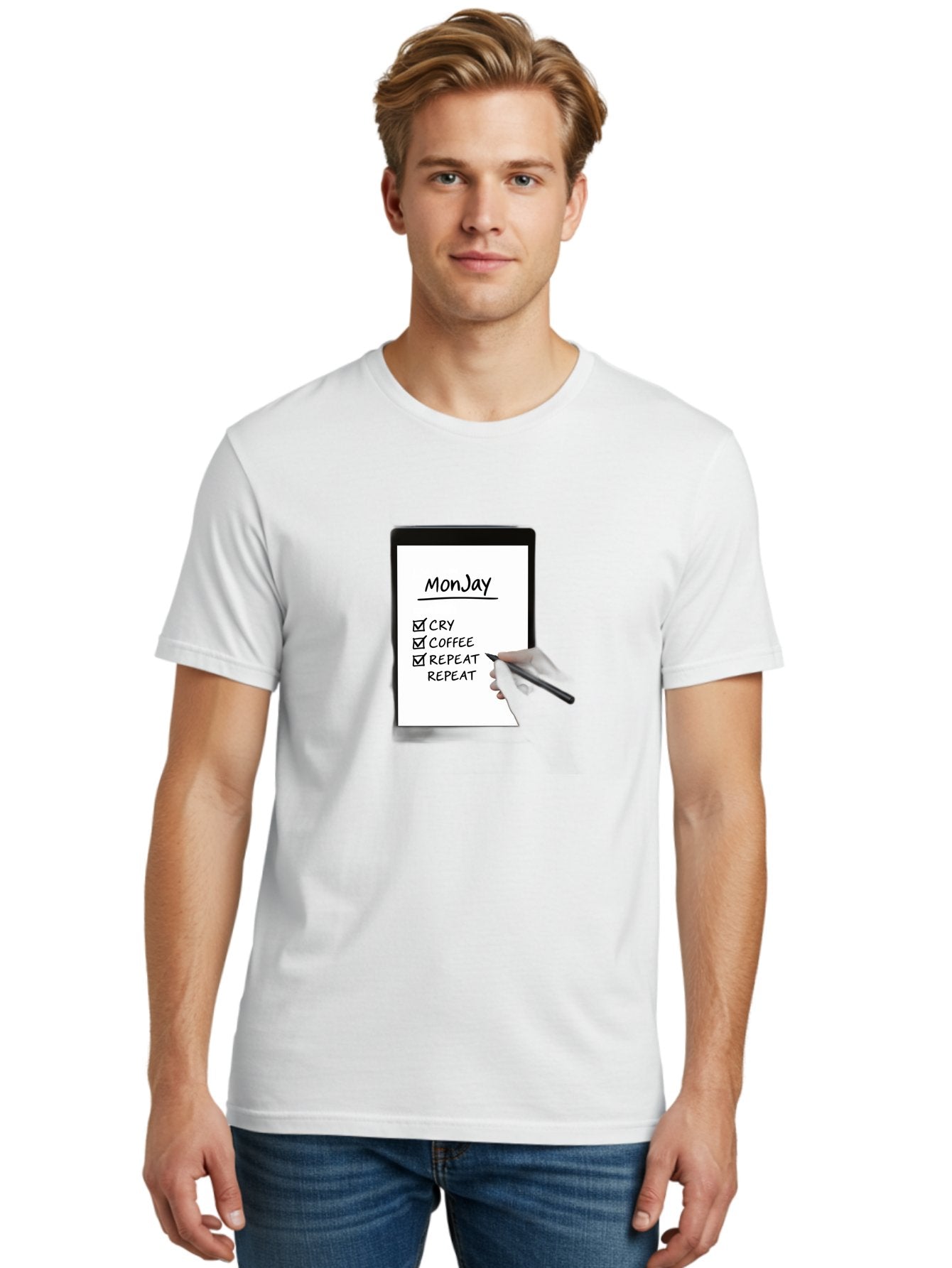Monday-To-Do-List Men'S Graphic Tee, 100% Cotton, Comfortable Casual Summer Wear, Machine Washable, Monday To-Do List, Humorously Writing Task, Cry, Coffee, Repeat, Morning Routine Tasks, Checklist, Productivity, Task Management, Funny, Bae541 23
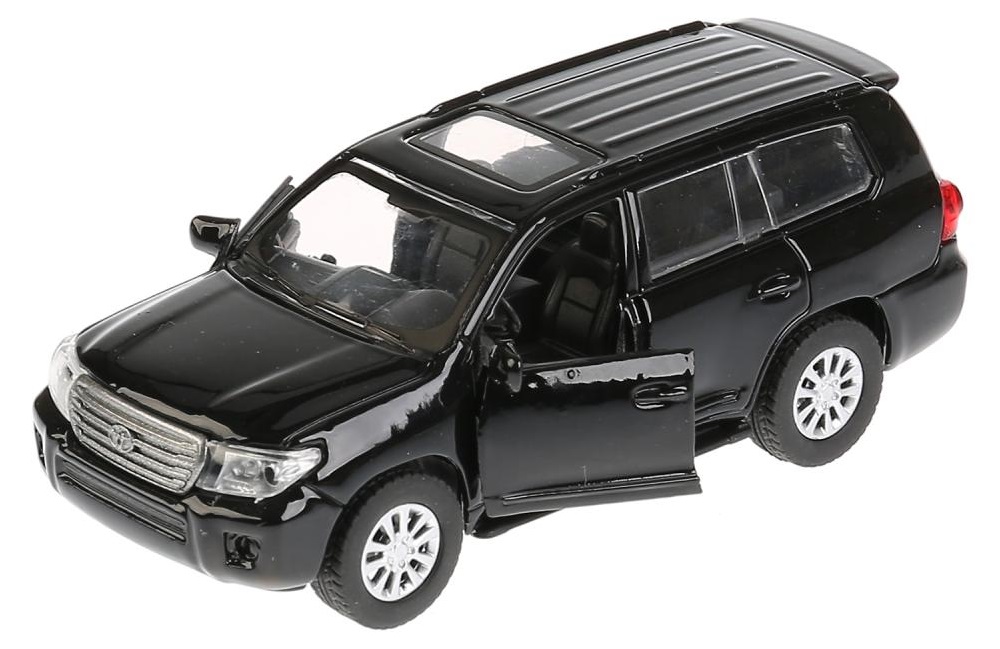 Металлическая инерционная машина - Toyota Land Cruiser, 12,5 см, черный, открываются двери  
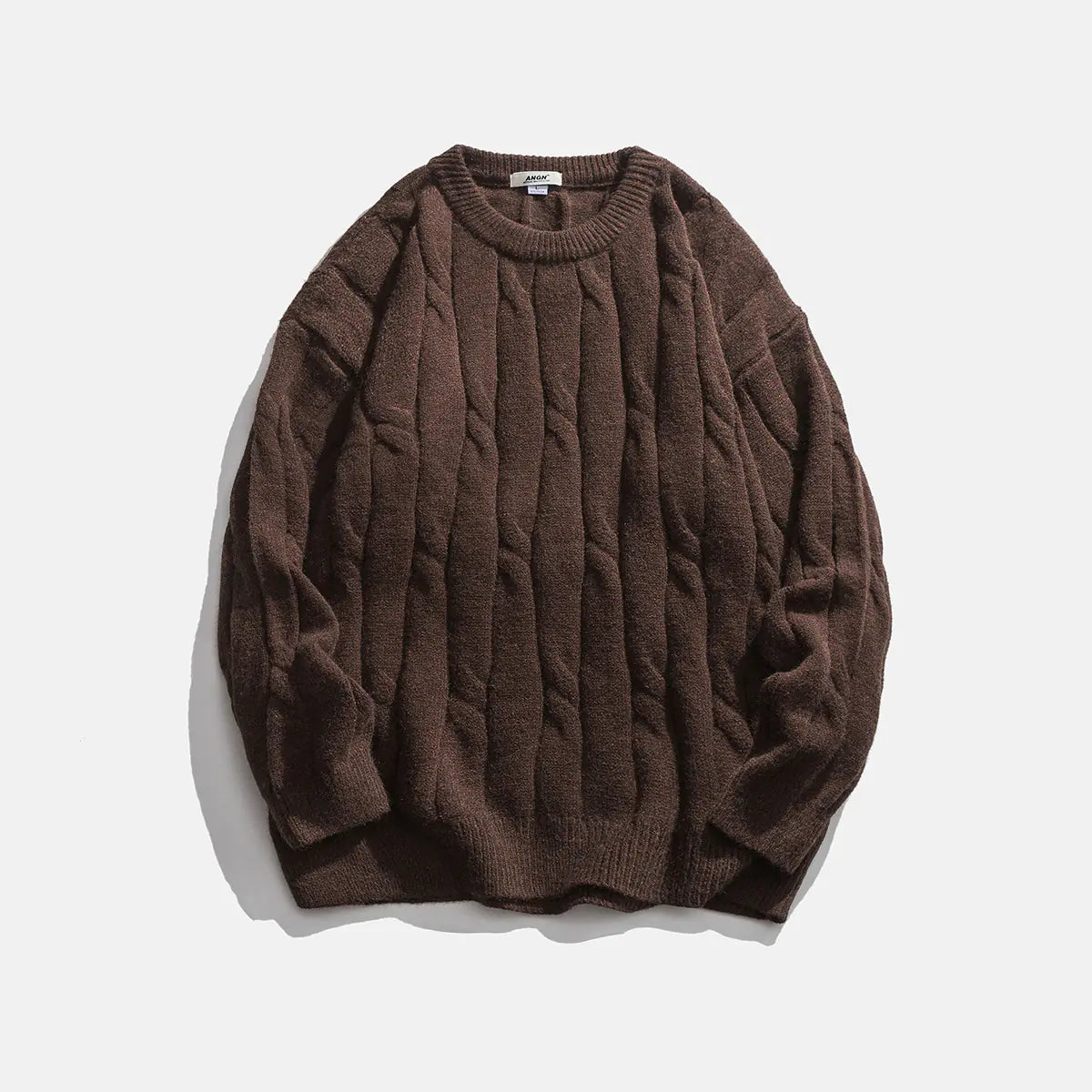 Men's Solid Color Simple Round Neck Sweater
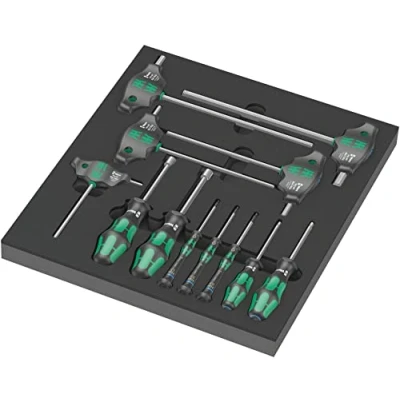 Image de Wera 05150104001 Insert en mousse 9713, jeu de tournevis Hex 1, 12 pièces Noir vert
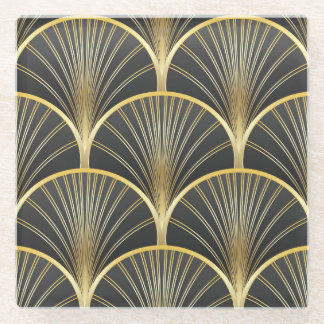 Art Deco Geometric Texture Illustration Glasuntersetzer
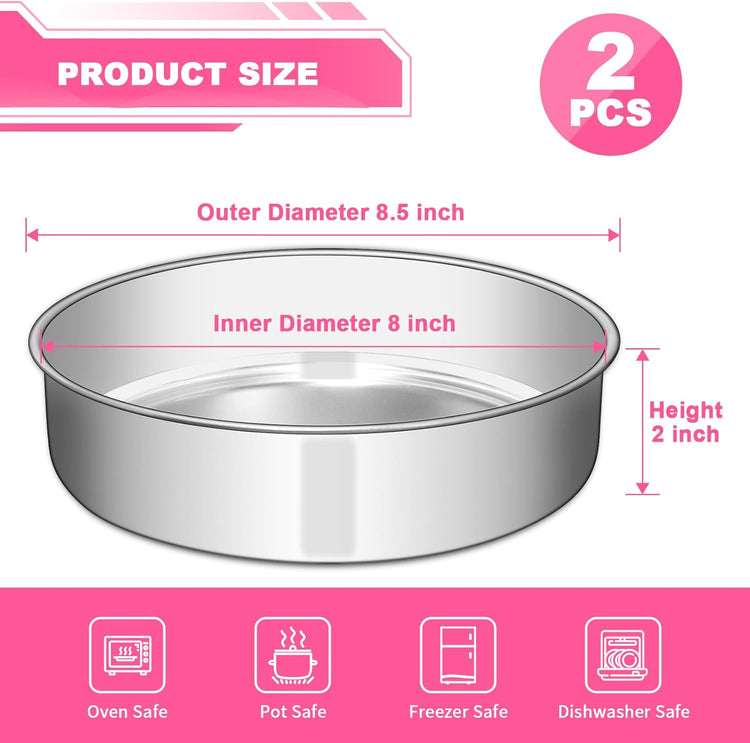 8 Inch Cake Pan Set of 2, Stainless Steel Round Layer Cake Baking Pans Tins, Non-Toxic - Flavour Fushion Cooking Shop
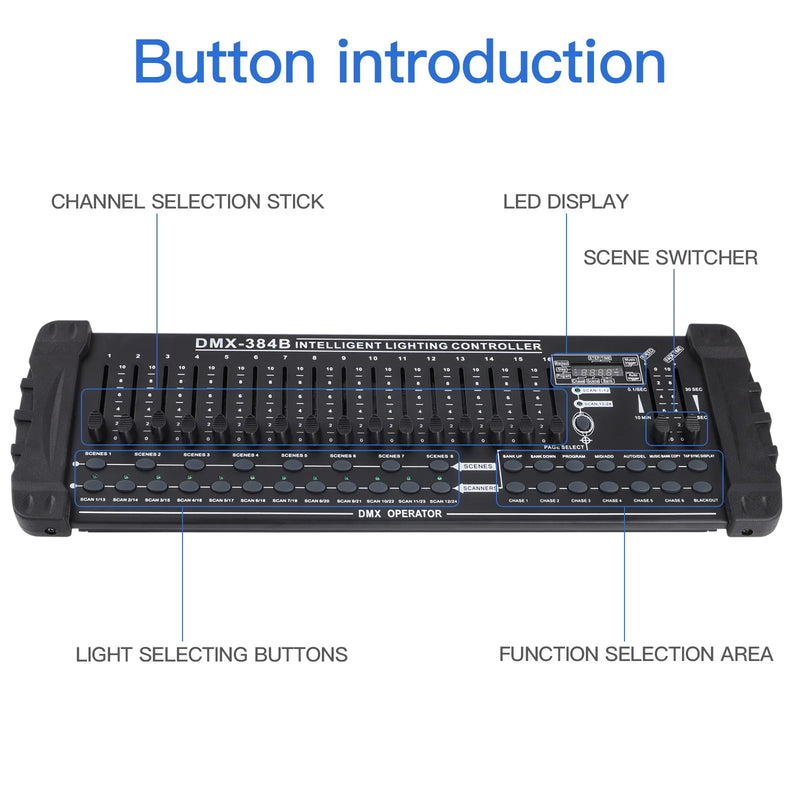 Console DMX512 384 canaux, contrôleur 24 appareils, micro et lampe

§ **Action item**
Give all the entries again exactly, dropping each picture.

§ **Finished task**
Monday-To-Do-List Men'S Graphic Tee, 100% Cotton, Comfortable Casual Summer Wear, Machine Washable, Monday To-Do List, Humorously Writing Task, Cry, Coffee, Repeat, Morning Routine Tasks, Checklist, Productivity, Task Management, Funny, Bae541 23
 Металлическая инерционная машина - Toyota Land Cruiser, 12,5 см, черный, открываются двери  
 Men's Solid Color Simple Round Neck Sweater
 Image de Wera 05150104001 Insert en mousse 9713, jeu de tournevis Hex 1, 12 pièces Noir vert
 Art Deco Geometric Texture Illustration Glasuntersetzer
 8 Inch Cake Pan Set of 2, Stainless Steel Round Layer Cake Baking Pans Tins, Non-Toxic - Flavour Fushion Cooking Shop
 Console DMX512 384 canaux, contrôleur 24 appareils, micro et lampe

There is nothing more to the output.